PeerTax: Investigating the taxonomy of peer reviews

Views 543
Annotations

By Alessio Caciagli

Peer review is integral to the publication process of scholarly articles, and performs a vital quality control function over the work undertaken by the article’s authors. This is a crucial step given the far-reaching implications for society that scientific discoveries often have. Albeit necessary, the peer-review process is far from perfect and suffers quite some criticism within the scientific community.

In an effort to address some of this criticism, eLife operates a more transparent form of peer review in which the assessments are published together with the work. This practice has met generally positive feedback from authors and reviewers alike.

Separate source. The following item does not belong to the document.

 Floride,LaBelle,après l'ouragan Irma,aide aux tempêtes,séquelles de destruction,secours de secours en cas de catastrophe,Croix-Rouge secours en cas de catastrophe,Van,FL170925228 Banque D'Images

In their current state, however, published peer reviews are in essence a page-long technical report for the benefit of the paper’s authors. While they could also be used to highlight relevant content to interested researchers, or to provide indicators about the value of work that could be useful for hiring and funding decisions, published reviews are often not easy to “digest” without a thorough understanding of the original paper. How can we then distill the key information from peer-review reports and maximise their value to the scientific community?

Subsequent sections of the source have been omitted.